■ **AIM OF THE TASK**: Write out exactly what each line says, starting with the first line below and ending on the one with "A Chinese blue".

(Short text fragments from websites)
-.-.-

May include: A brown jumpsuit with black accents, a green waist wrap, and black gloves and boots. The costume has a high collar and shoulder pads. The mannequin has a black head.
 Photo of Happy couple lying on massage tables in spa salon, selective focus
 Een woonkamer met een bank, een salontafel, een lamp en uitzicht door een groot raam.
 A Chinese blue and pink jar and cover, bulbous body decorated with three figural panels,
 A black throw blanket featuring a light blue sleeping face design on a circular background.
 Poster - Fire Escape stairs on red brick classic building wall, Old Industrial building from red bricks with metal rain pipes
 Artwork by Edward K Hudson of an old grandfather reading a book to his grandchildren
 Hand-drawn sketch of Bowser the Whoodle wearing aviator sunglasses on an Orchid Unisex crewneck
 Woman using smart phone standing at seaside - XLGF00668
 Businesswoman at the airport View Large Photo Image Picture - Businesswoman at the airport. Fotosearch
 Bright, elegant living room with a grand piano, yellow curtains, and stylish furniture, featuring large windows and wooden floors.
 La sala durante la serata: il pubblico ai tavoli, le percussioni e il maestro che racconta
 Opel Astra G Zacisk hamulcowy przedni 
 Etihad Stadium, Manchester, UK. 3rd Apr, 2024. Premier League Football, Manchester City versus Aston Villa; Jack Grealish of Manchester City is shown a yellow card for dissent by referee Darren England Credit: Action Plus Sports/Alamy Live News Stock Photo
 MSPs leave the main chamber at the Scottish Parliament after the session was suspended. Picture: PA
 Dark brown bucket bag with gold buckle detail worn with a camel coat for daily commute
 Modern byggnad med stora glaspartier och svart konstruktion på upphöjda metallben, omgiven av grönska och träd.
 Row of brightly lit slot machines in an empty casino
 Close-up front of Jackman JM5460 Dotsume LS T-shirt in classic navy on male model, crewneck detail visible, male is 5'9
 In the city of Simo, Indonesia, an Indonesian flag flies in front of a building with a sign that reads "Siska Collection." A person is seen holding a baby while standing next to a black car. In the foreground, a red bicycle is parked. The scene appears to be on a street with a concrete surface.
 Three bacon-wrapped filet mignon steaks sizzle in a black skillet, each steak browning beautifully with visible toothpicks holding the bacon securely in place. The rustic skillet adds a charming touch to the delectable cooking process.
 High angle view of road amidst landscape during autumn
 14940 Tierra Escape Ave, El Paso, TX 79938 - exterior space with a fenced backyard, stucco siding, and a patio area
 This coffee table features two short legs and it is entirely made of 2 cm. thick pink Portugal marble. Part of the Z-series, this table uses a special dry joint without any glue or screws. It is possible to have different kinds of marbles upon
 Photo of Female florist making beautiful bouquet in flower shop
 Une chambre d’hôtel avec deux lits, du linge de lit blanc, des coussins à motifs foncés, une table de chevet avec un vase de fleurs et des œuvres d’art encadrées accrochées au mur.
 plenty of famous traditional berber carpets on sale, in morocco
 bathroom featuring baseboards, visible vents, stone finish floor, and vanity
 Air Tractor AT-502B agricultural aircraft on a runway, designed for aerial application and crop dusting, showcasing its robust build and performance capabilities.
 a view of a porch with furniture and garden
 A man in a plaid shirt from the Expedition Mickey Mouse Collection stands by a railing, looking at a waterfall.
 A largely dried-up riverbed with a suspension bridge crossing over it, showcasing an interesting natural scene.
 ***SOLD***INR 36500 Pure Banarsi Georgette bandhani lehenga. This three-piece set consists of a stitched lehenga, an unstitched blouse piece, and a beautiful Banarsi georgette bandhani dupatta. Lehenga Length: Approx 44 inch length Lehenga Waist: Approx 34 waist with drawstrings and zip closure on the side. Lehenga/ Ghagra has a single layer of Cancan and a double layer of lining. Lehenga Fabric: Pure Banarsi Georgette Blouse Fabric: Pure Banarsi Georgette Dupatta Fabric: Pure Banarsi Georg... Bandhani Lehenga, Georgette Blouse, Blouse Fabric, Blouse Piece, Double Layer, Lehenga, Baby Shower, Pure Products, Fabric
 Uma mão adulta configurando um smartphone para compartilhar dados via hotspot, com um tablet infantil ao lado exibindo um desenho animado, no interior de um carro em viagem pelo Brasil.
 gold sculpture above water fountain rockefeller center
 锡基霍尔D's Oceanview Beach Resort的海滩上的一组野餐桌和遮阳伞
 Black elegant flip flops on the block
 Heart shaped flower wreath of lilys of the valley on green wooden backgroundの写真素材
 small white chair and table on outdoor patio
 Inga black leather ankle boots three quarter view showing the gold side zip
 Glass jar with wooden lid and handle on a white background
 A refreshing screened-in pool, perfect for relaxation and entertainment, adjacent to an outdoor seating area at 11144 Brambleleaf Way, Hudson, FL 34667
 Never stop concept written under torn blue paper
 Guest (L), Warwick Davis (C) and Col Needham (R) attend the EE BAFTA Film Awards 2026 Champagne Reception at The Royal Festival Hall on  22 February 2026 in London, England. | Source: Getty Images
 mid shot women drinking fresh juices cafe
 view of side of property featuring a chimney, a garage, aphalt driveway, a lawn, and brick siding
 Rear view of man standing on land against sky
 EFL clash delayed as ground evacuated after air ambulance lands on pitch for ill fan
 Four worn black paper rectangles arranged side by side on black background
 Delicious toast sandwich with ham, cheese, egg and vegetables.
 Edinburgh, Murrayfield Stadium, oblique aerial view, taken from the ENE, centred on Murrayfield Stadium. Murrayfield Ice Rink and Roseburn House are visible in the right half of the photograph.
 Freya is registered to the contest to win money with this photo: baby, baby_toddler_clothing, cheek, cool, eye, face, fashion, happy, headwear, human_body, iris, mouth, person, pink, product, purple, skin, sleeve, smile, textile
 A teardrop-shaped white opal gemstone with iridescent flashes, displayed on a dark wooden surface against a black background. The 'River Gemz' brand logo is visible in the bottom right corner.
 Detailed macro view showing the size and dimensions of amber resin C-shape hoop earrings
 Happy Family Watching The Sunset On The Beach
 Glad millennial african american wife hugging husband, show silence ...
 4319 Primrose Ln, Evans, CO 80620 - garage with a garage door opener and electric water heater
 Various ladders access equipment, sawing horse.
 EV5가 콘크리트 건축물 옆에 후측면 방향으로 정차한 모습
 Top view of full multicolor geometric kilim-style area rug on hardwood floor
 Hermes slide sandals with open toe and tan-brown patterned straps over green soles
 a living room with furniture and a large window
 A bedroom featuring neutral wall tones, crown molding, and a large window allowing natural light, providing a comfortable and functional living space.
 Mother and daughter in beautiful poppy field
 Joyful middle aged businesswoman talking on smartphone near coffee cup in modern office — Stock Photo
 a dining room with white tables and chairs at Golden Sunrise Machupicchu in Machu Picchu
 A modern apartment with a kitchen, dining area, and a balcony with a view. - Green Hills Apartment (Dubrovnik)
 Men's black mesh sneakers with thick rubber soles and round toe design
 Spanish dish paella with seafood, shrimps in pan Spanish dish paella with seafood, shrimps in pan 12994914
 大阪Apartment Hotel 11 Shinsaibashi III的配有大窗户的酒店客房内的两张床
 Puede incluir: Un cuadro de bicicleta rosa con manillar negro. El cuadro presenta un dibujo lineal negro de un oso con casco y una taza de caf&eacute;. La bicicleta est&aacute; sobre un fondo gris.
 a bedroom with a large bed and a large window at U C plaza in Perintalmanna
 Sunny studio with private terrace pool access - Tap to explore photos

-.-.-

■ **ANSWER FOR THE TASK**:
May include: A brown jumpsuit with black accents, a green waist wrap, and black gloves and boots. The costume has a high collar and shoulder pads. The mannequin has a black head.
 Photo of Happy couple lying on massage tables in spa salon, selective focus
 Een woonkamer met een bank, een salontafel, een lamp en uitzicht door een groot raam.
 A Chinese blue and pink jar and cover, bulbous body decorated with three figural panels,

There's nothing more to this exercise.